Utility and Limitations
- Intended Use: The trigger tool is designed to serve as a standard for examining ADEs within an institution to establish a baseline rate of ADEs and track changes over time. It helps organizations monitor the effectiveness of safety initiatives and pinpoint high-risk environments.
- Not for Benchmarking: Importantly, the tool should not be used as a benchmarking tool between institutions because its accuracy had not been validated across diverse settings, and cross-institutional comparisons could be counterproductive.
- Benefits: It provides a mechanism for longitudinally monitoring the effect of system changes and whether those changes have resulted in improvement. It also offers a focused analysis of clinical events previously hidden from routine assessment and eliminates wasted effort on quantifying errors that do not lead to harm.

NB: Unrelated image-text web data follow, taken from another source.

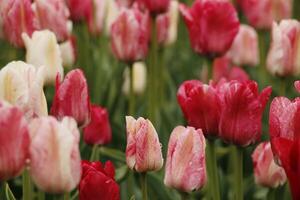 Frühling im das Niederlande, Blühen Tulpen foto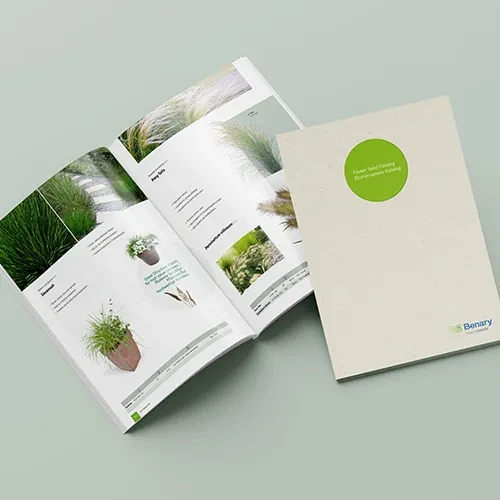 Benary Blumensamen-Katalog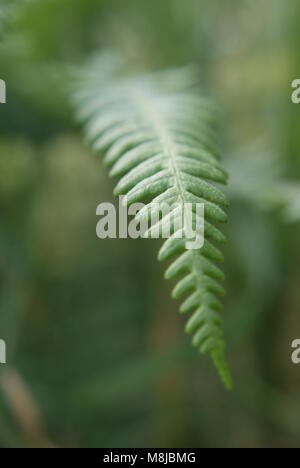 Close up of fresh green fern plants on the LLyn Peninsula, Wales UK Stock Photo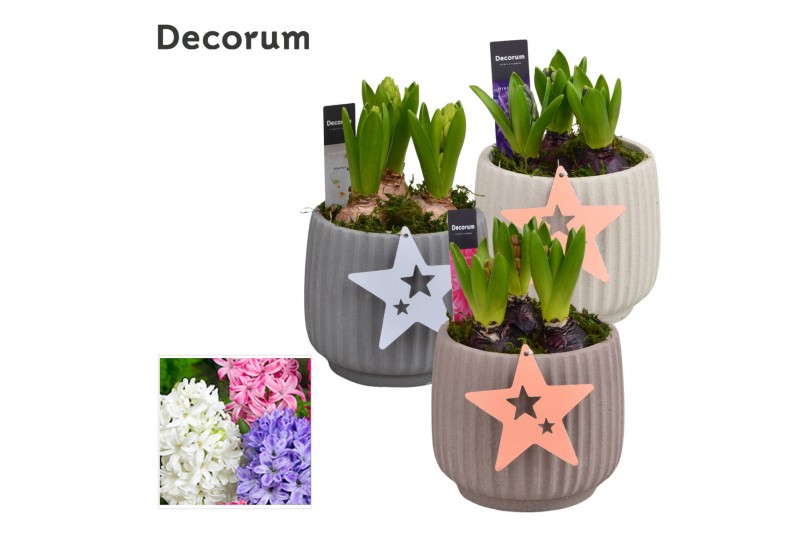 Arrangementen hyacinthus Hyacint Betona HL17222 [PURE] 3 pp 75 bl. 3 p 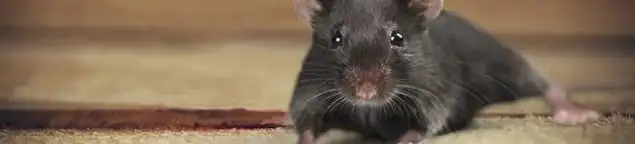 Mouse indoors, a common sign of a rodent infestation in Nashua, NH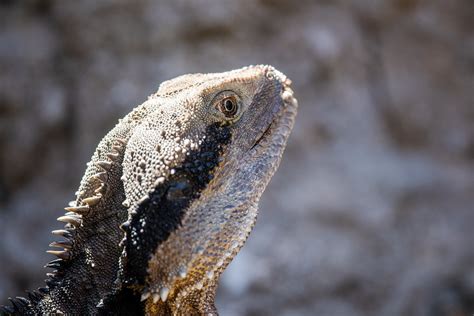 Tuatara Teeth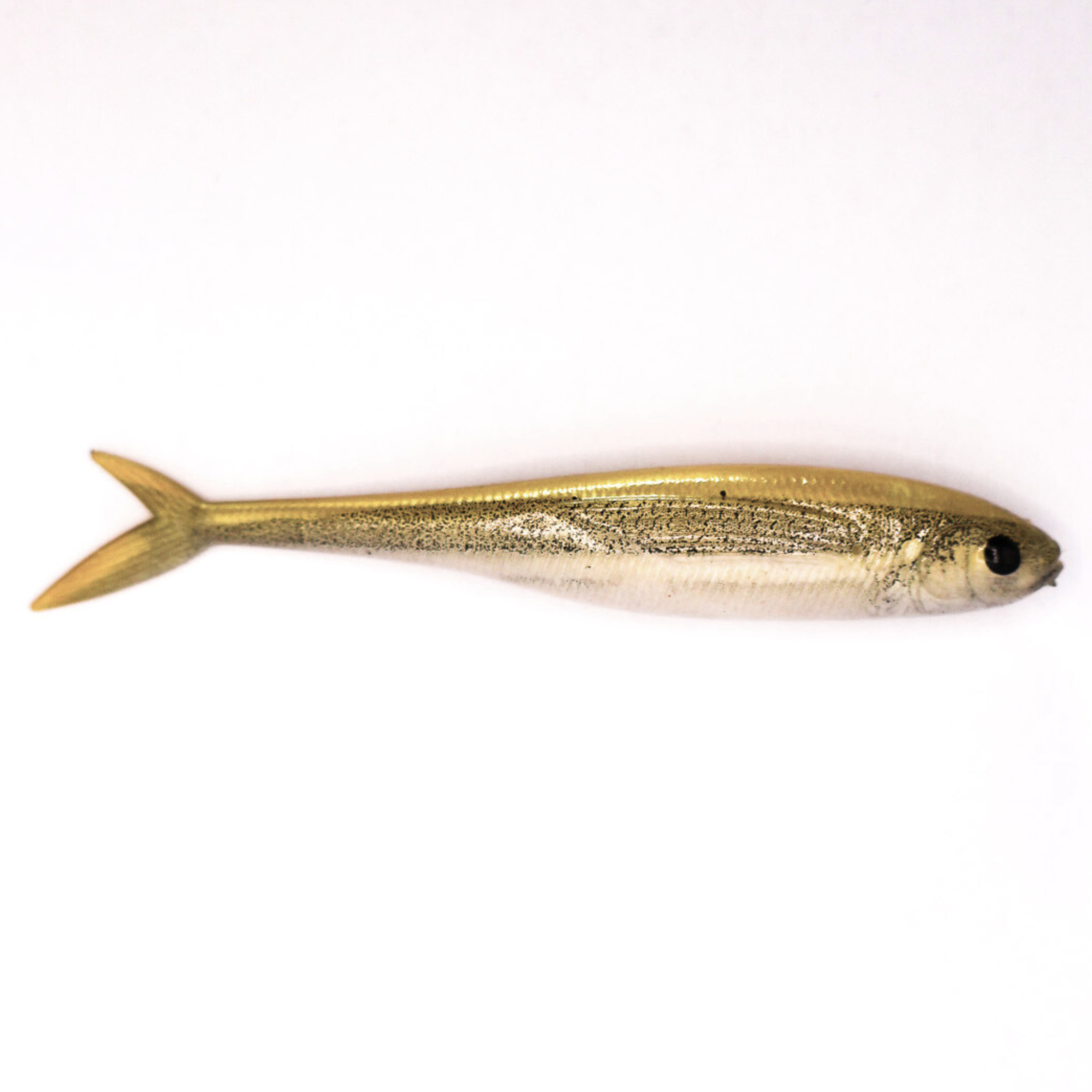 S Tackle Fishtail Minnow White Bait 3D 2.5" Soft Plastic Lure - 6 Pack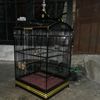 faturkece24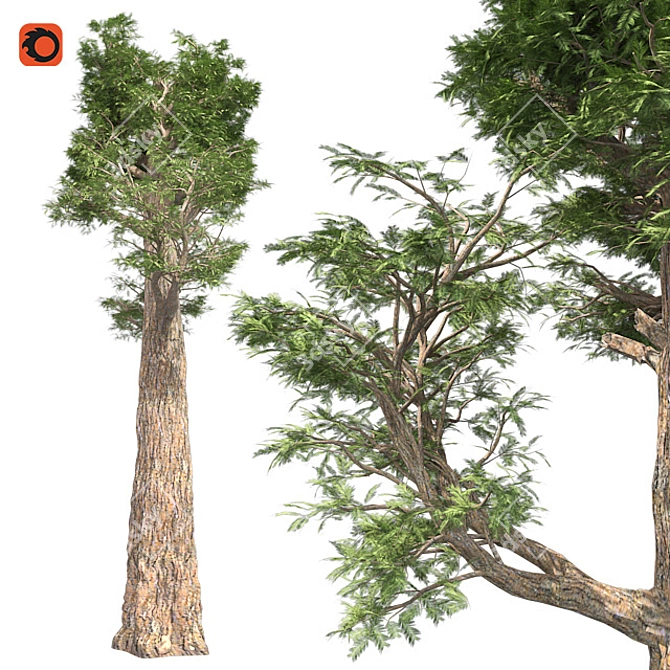 Giant Redwood Corona: 4K Optimized 3D model image 1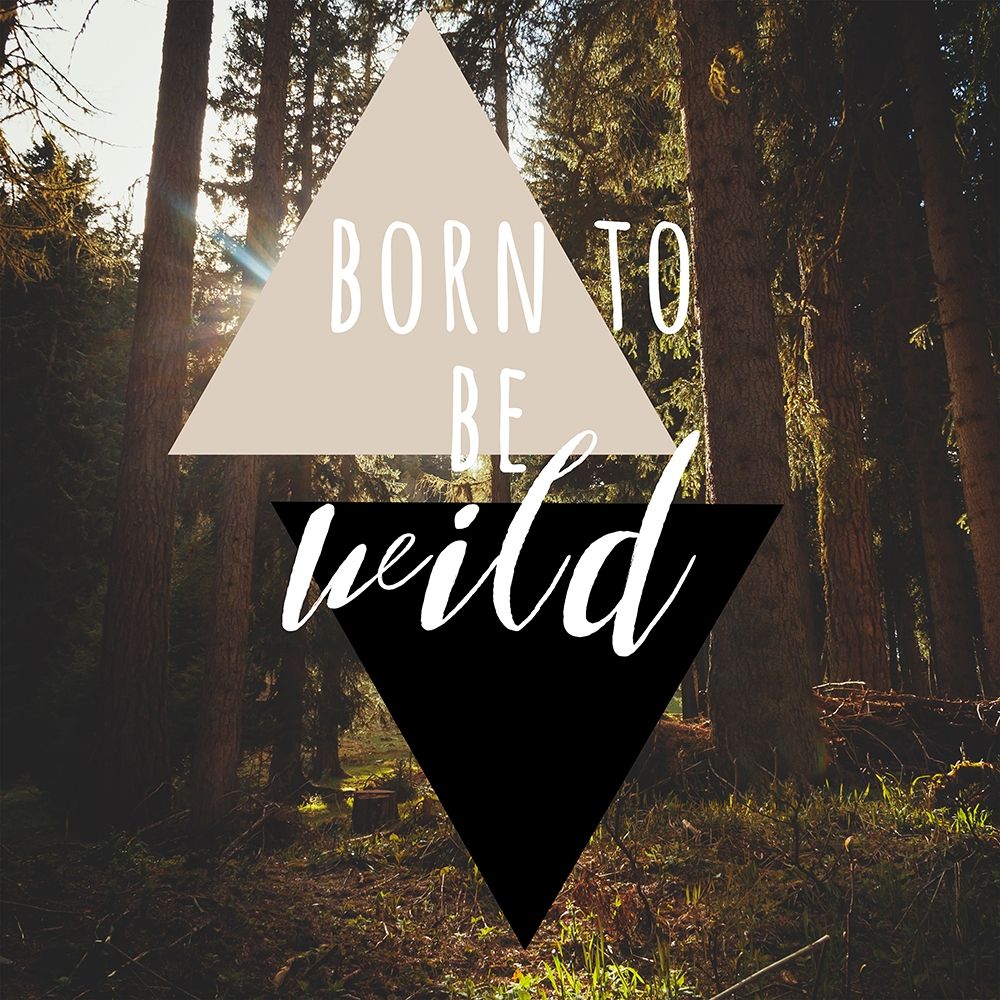 Born To Be Wild 38 art print by Jelena Matic for $57.95 CAD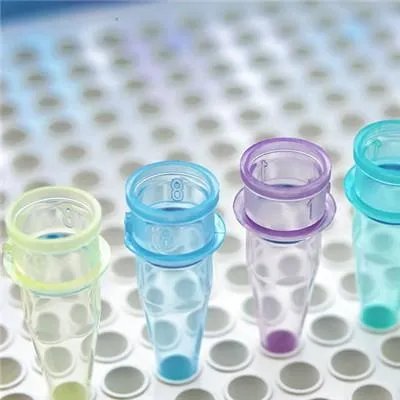 白蛋白高是怎么回事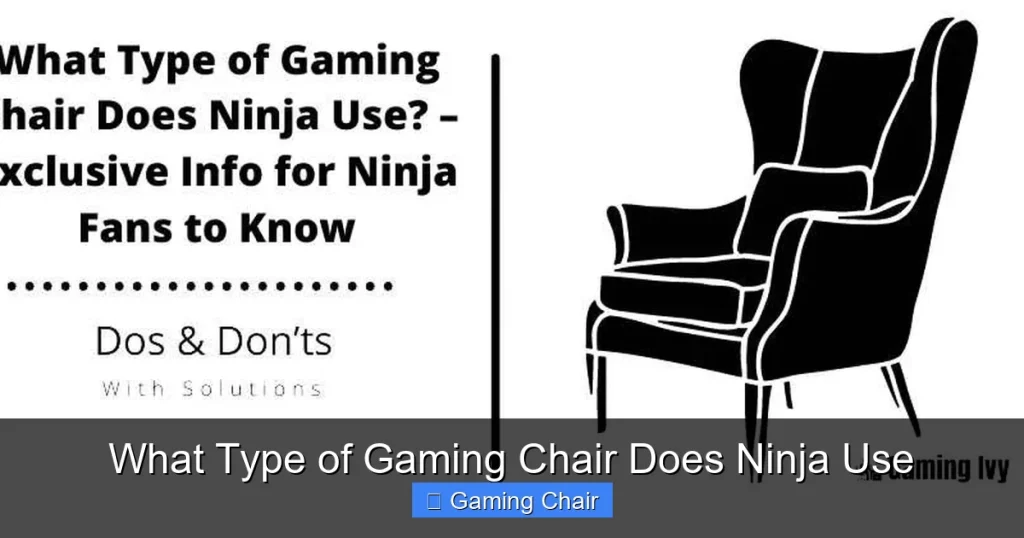What Type of Gaming Chair Does Ninja Use What Type of Gaming Chair Does Ninja Use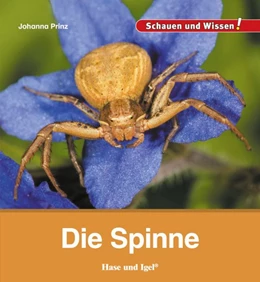 Abbildung von Prinz | Die Spinne | 1. Auflage | 2017 | beck-shop.de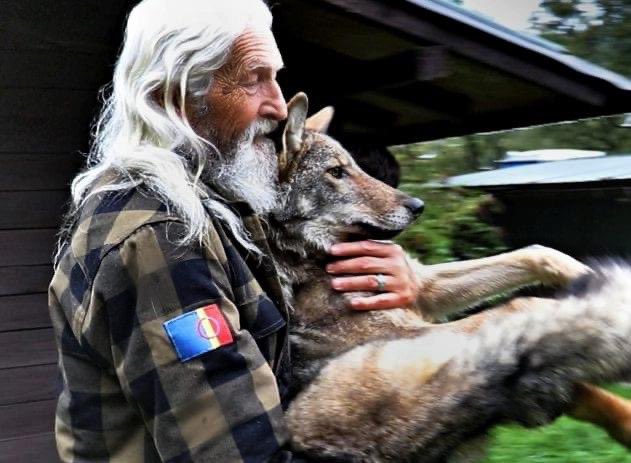 tanyazkrusek's tweet photo. Vladimír Tomáš Smolík z Drosery, který o Bublu pečoval hned po zranění, ho i vypustil do přírody 🤍🐺 https://t.co/X64j2NqDwk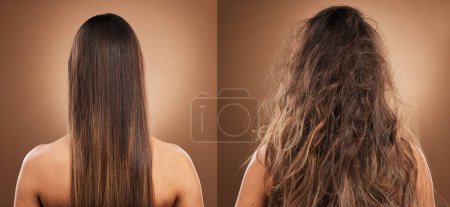 Cuidado del cabello, belleza y espalda de mujer en estudio con peinado sucio brillante, limpio y desordenado. Salud, autocuidado y modelo con nudos antes de queratina, brasileño o botox tratamiento capilar por fondo marrón.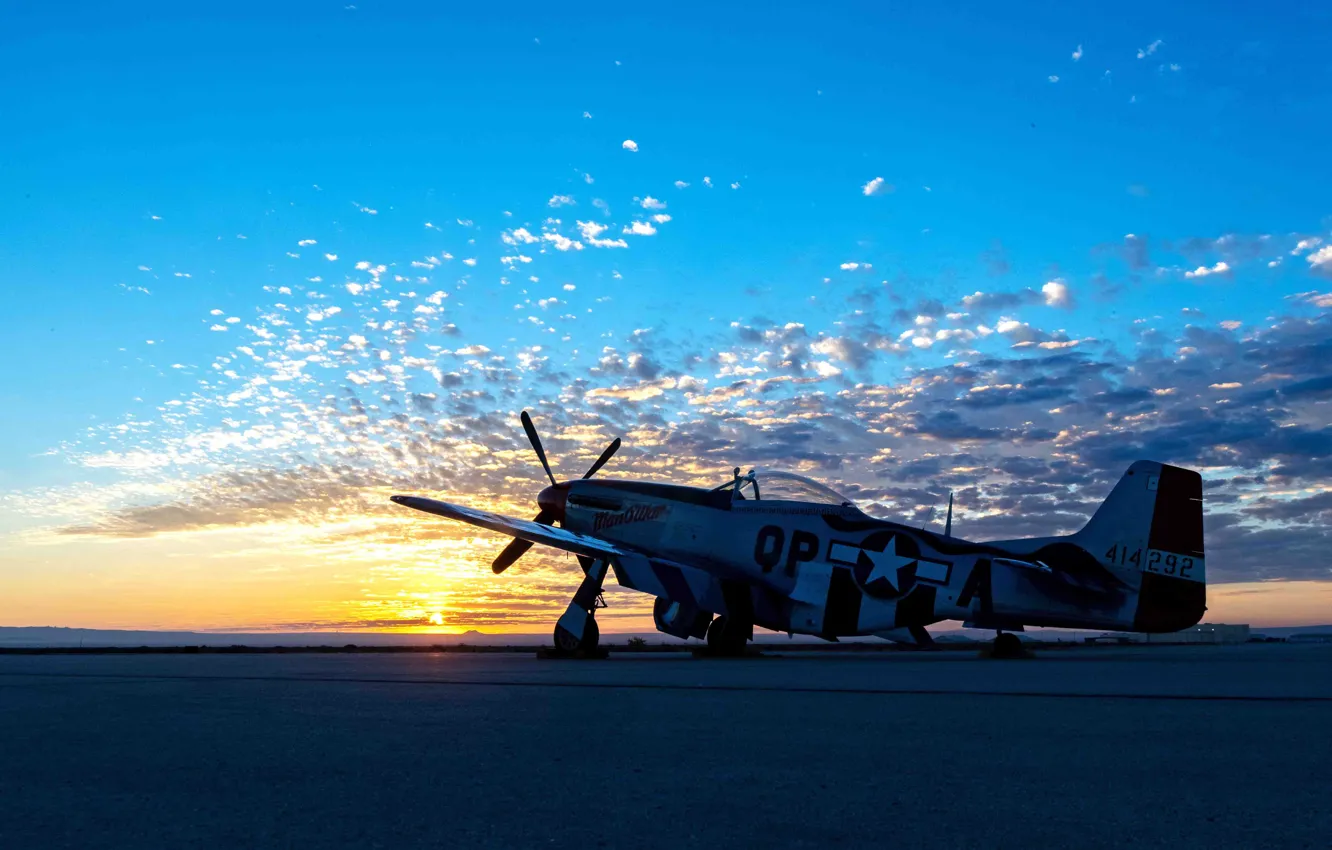 Photo wallpaper UNITED STATES AIR FORCE, long-range, North American P-51 Mustang, American single-seat fighter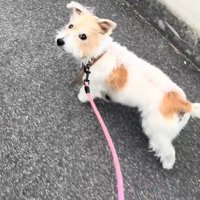 投稿者さんを見つめながらお散歩♡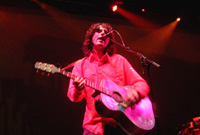 Gruff Rhys, Super Furry Animals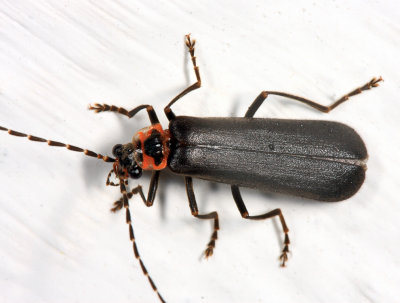Discodon sp.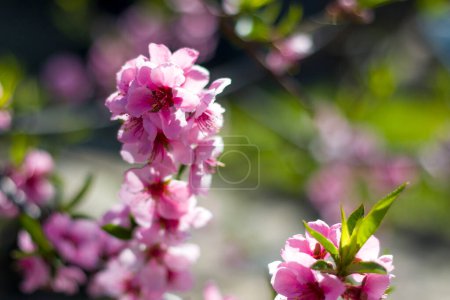 Photo for Peach nectarine spring flowers blossom on branch. Agriculture beautiful season farming springtime landscape - Royalty Free Image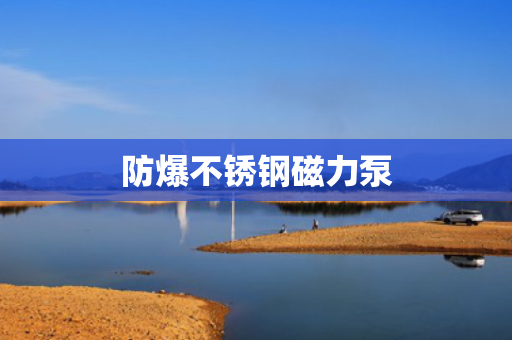 防爆不锈钢磁力泵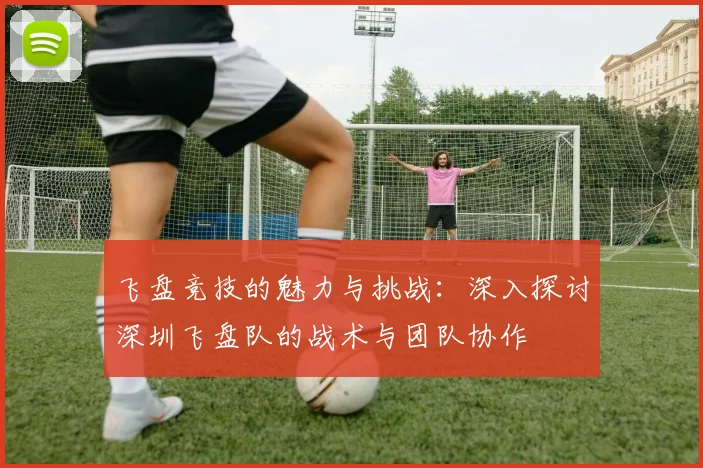 飞盘竞技的魅力与挑战：深入探讨深圳飞盘队的战术与团队协作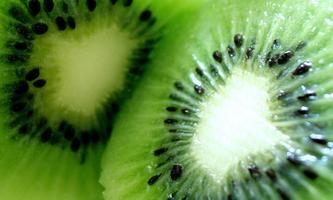 Kiwi wallpapers gönderen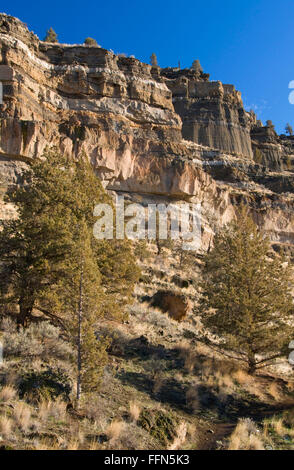 Deschutes River Canyon Hang, Steelhead Falls Wilderness Study Area, Deschutes Wild und Scenic River, Oregon Stockfoto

- Limitations: Potential limitations include the lack of a “gold standard” for assessing the true rate of ADEs, which can lead to confusion and underreporting. While the study suggests minimal interobserver variation, this remains a potential concern, as does the generalizability of the methodology across all healthcare organizations and diverse reviewer sophistication.
In conclusion, the modified trigger tool methodology provides a practical, efficient, and reproducible method for quantifying ADEs in inpatients, significantly outperforming traditional detection methods. Its “low tech” and low-cost nature makes it widely applicable, offering a valuable instrument for improving patient safety within healthcare institutions by focusing on actual harm and monitoring the effectiveness of safety interventions.
Reference: Rozich, J. D., Haraden, C. R., & Resar, R. K. (2003). Adverse drug event trigger tool: a practical methodology for measuring medication related harm. Quality and Safety in Health Care, 12(3), 194–200.